Subject: Re: [tip:sched/locking] sched: Add p->pi_lock to task_rq_lock()

On Wed, 2011-06-01 at 15:58 +0200, Arne Jansen wrote:
> git bisect blames this commit for a problem I have with v3.0-rc1:
> If I printk large amounts of data, the machine locks up.
> As the commit does not revert cleanly on top of 3.0, I haven't been
> able to double check.
> The test I use is simple, just add something like
>
> for (i=0; i < 10000; ++i) printk("test %d\n", i);
>
> and trigger it, in most cases I can see the first 10 printks before
> I have to power cycle the machine (sysrq-b does not work anymore).
> Attached my .config.

I've made me a module that does the above, I've also changed my .config
to match yours (smp=y, sched-cgroup=y, autogroup=n, preempt=n, no_hz=y),
but sadly I cannot reproduce, I get all 10k prints on my serial line.

Even without serial line it works (somehow booting without visible
console is scary as hell :)

Which makes me ask, how are you observing your console?

Because those 10k lines aren't even near the amount of crap a regular
boot spews out on this box, although I guess the tight loop might
generate it slightly faster than a regular boot does.

2011-06-01 17:21:28

[permalink] [raw]

Subject: Re: [tip:sched/locking] sched: Add p->pi_lock to task_rq_lock()

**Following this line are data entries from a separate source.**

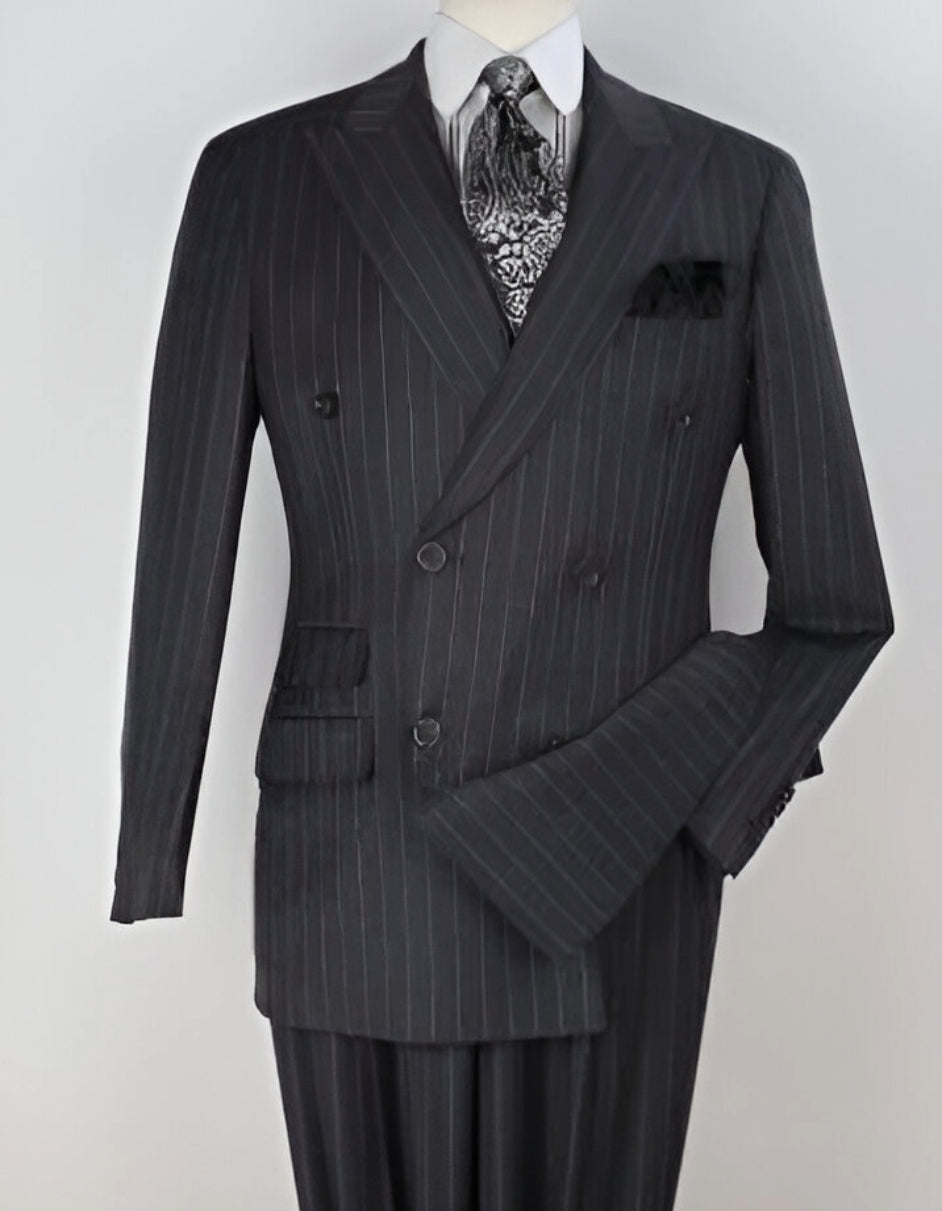 Double Breasted Suits - Vested Suits Wool Fabric - Apolo King Brand - Gray Stripe Suit USA Men's Outlet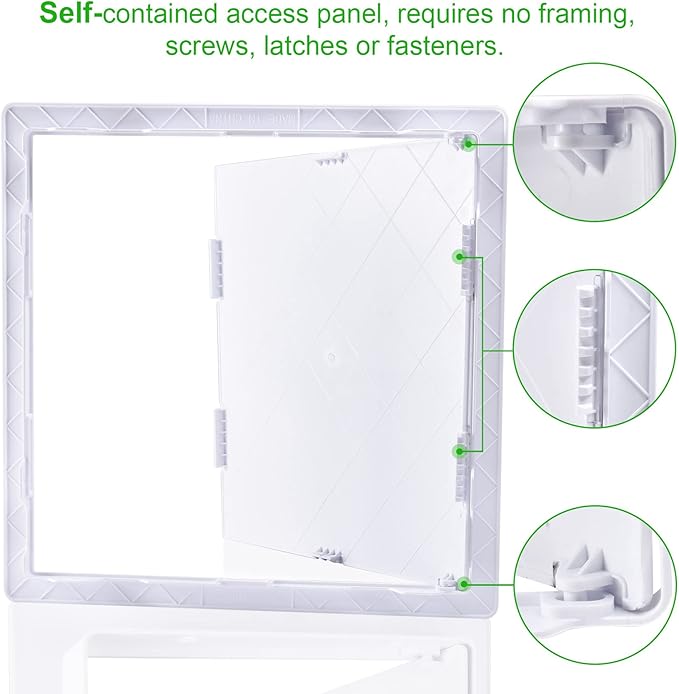Plumbing Access Panel for Drywall 16 x 16 Inch Plastic Access Door Removable Wall Access Panel Ceiling Reinforced Hinged Durable White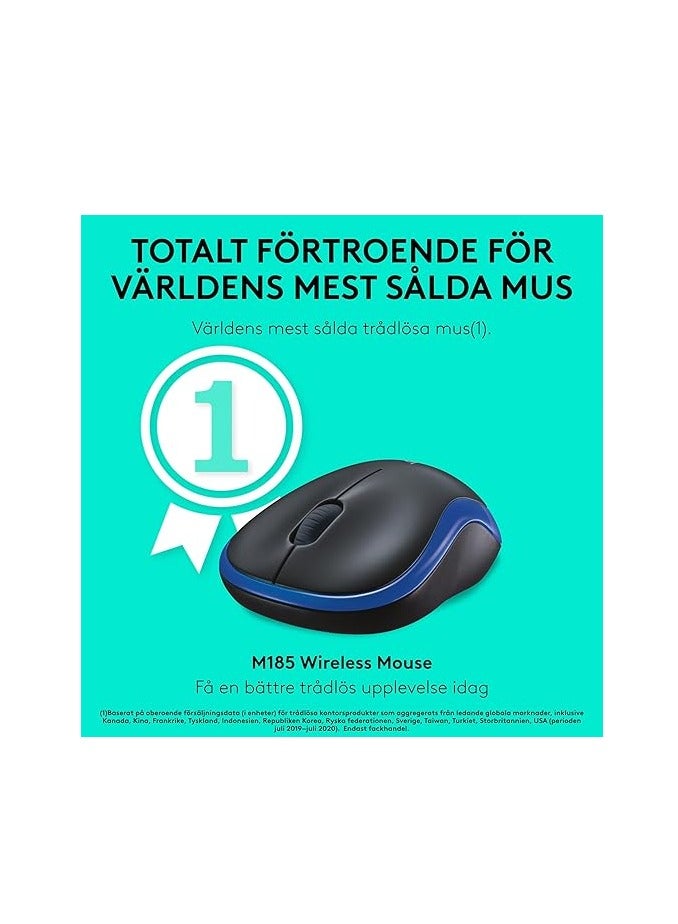 Logitech Mouse Wireless Blue M185 - Image 2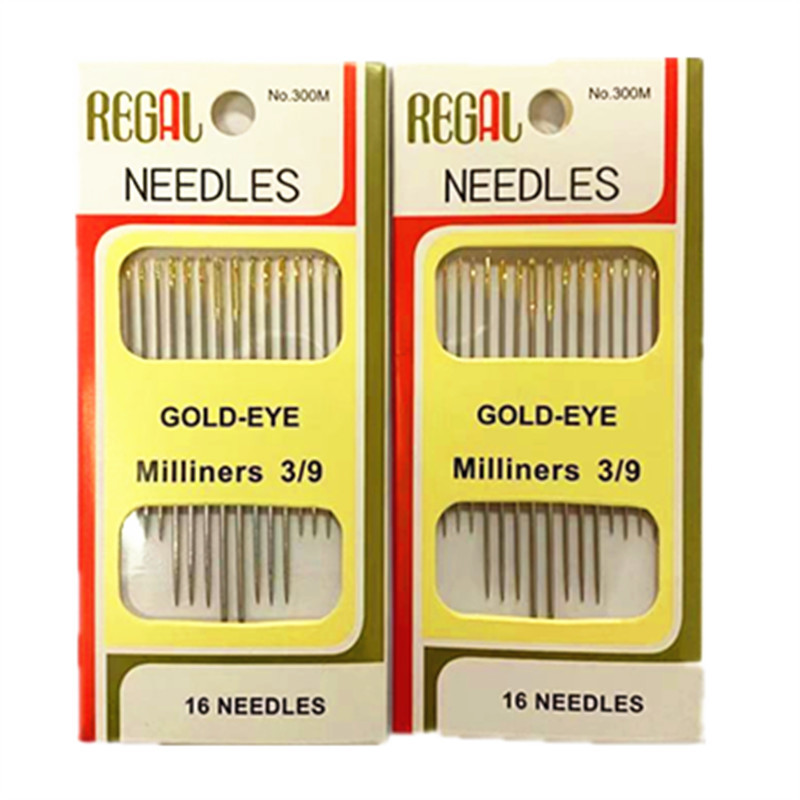 Wholesale 16 gold tail needles 3/9 fine carbon steel big eye hand sewing needles handmade multi-purpose sewing needles dollar store supply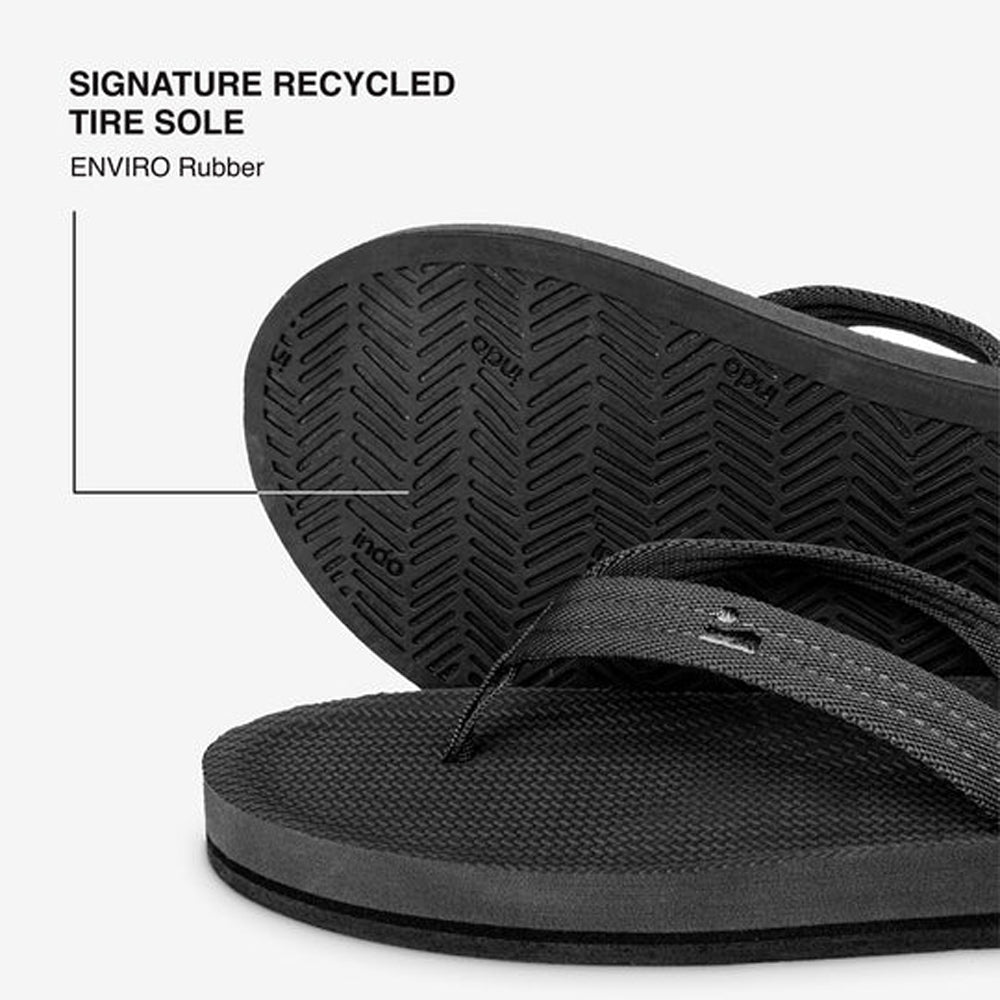 Indosole - Womens Flip Flops - Easy Living - Black Sandals Indosole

On 01.06.2011 18:35, Peter Zijlstra wrote:
> On Wed, 2011-06-01 at 15:58 +0200, Arne Jansen wrote:
>> git bisect blames this commit for a problem I have with v3.0-rc1:
>> If I printk large amounts of data, the machine locks up.
>> As the commit does not revert cleanly on top of 3.0, I haven't been
>> able to double check.
>> The test I use is simple, just add something like
>>
>> for (i=0; i< 10000; ++i) printk("test %d\n", i);
>>
>> and trigger it, in most cases I can see the first 10 printks before
>> I have to power cycle the machine (sysrq-b does not work anymore).
>> Attached my .config.
>
> I've made me a module that does the above, I've also changed my .config
> to match yours (smp=y, sched-cgroup=y, autogroup=n, preempt=n, no_hz=y),
> but sadly I cannot reproduce, I get all 10k prints on my serial line.
>
> Even without serial line it works (somehow booting without visible
> console is scary as hell :)
>
> Which makes me ask, how are you observing your console?
>

They don't go out to the serial line, I only observe them with a
tail -f on messages. Default log level doesn't go the console here.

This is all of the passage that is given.